Denver Sonnets Project, No. 78: Erica Lee Johnson

By John Moore

CultureWest.Org is endeavoring to make short films out of all 154 of Shakespeare’s sonnets, each featuring actors with Colorado connections. The artistic intent is primarily to further CultureWest’s mission to spotlight the local theatre community and their current or upcoming productions. It’s also an attempt to promote Shakespeare education in a fun way. This is an entirely volunteer project with a proud budget of … zero dollars.
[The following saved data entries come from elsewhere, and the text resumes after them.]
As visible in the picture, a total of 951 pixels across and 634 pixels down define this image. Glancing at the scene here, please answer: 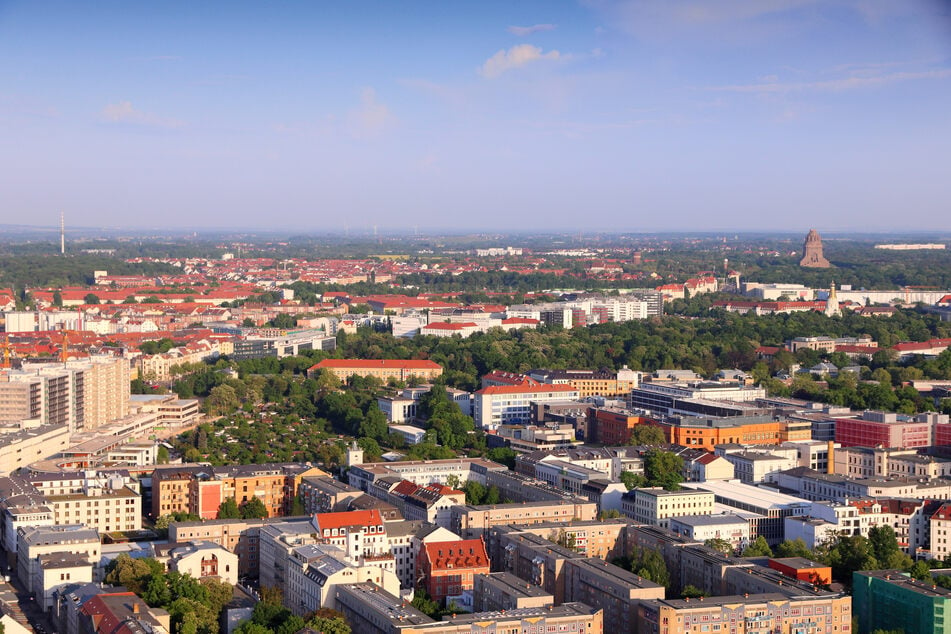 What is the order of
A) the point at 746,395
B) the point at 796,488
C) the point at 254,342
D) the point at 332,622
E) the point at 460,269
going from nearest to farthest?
the point at 332,622 < the point at 796,488 < the point at 746,395 < the point at 254,342 < the point at 460,269

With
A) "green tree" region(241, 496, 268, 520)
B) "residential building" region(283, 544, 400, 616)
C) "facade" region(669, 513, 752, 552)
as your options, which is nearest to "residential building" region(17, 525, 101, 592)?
"residential building" region(283, 544, 400, 616)

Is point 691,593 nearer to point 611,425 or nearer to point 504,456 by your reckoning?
point 504,456

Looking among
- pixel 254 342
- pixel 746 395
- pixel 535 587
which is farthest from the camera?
pixel 254 342

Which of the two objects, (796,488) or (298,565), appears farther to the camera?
(796,488)

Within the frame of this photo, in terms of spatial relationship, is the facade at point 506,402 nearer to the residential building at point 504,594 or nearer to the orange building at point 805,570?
the orange building at point 805,570

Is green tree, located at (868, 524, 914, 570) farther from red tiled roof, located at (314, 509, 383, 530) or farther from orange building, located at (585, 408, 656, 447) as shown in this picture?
orange building, located at (585, 408, 656, 447)

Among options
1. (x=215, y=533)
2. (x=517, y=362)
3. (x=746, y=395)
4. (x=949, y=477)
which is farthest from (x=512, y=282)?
(x=215, y=533)

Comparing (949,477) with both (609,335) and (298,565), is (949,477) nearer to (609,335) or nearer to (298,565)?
(298,565)

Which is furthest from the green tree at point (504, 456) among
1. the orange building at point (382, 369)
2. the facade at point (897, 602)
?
the orange building at point (382, 369) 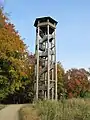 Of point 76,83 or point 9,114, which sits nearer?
point 9,114

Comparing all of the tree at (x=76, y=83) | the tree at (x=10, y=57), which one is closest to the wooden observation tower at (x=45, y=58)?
the tree at (x=10, y=57)

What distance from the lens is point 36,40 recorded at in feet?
174

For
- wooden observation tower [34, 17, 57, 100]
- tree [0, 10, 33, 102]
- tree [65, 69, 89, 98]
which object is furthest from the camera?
tree [65, 69, 89, 98]

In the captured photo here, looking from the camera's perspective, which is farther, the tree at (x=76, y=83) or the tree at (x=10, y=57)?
the tree at (x=76, y=83)

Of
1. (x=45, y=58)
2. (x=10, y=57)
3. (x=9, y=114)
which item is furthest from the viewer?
(x=45, y=58)

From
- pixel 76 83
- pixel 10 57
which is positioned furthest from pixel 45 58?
pixel 76 83

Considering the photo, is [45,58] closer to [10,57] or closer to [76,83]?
[10,57]

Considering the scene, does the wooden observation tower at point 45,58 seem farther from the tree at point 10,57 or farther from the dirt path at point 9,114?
the dirt path at point 9,114

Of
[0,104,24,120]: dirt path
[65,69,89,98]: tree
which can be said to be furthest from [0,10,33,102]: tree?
[65,69,89,98]: tree

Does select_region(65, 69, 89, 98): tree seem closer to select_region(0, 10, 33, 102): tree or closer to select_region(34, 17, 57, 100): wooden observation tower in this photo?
select_region(34, 17, 57, 100): wooden observation tower

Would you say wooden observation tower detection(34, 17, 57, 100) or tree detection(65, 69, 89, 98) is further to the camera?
tree detection(65, 69, 89, 98)

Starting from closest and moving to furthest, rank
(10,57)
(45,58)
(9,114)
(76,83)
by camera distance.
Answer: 1. (9,114)
2. (10,57)
3. (45,58)
4. (76,83)

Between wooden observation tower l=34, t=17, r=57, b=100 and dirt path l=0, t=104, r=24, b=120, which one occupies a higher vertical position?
wooden observation tower l=34, t=17, r=57, b=100

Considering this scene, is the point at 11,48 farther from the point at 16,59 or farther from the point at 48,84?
the point at 48,84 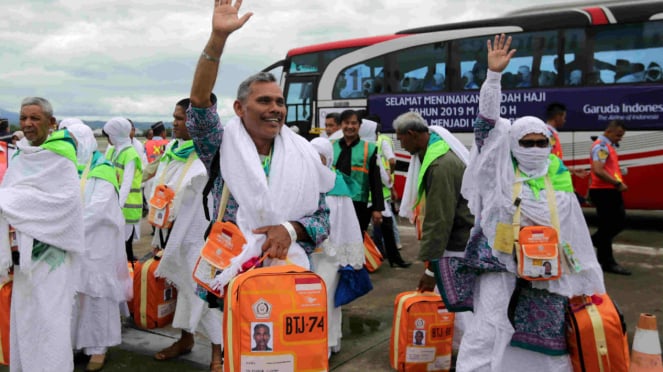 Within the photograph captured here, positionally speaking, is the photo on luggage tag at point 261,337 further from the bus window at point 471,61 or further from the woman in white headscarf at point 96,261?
the bus window at point 471,61

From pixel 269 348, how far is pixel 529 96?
9.63 metres

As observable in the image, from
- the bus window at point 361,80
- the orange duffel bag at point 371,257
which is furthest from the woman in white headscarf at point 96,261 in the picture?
the bus window at point 361,80

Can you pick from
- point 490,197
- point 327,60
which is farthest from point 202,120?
point 327,60

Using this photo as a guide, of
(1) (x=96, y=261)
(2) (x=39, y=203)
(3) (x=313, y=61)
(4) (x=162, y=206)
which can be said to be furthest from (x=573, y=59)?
(2) (x=39, y=203)

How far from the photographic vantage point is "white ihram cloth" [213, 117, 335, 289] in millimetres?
2361

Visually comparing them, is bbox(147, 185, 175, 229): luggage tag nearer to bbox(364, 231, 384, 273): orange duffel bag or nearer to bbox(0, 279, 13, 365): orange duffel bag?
bbox(0, 279, 13, 365): orange duffel bag

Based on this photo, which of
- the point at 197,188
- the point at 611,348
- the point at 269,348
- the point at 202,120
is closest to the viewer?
the point at 269,348

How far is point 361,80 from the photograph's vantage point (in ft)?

Jakarta SonnetWe are rolling out new Sonnet videos … well, as soon as they are completed and turned in. Here’s a link to the YouTube playlist that hosts the entire series.

For Sonnet 78, actor Erica Lee Johnson takes us all the way to West Java, Indonesia, where she serves as a Peace Corps volunteer. Here, in this enlightening and heartfelt video, Johnson shows us how she uses John Lennon, a ukulele and the universal language of Shakespeare to teach Sonnet 78.

Scholars believe that in this sonnet, Shakespeare has been hurt by the source of his poetic inspiration. That other contemporaries have adopted his poetic style and honed in on his muse. Here, Erica’s interpretation seems much more an ode from teacher to students and back again. For surely just as she has opened their eyes to new worlds, so too have they for her. Communally they allow the educated to soar even higher, and enhance the gracefulness of the already graceful. Unlike the narrator of Shakespeare’s sonnet, there is no shortage of inspiration in this small classroom outside of Jakarta.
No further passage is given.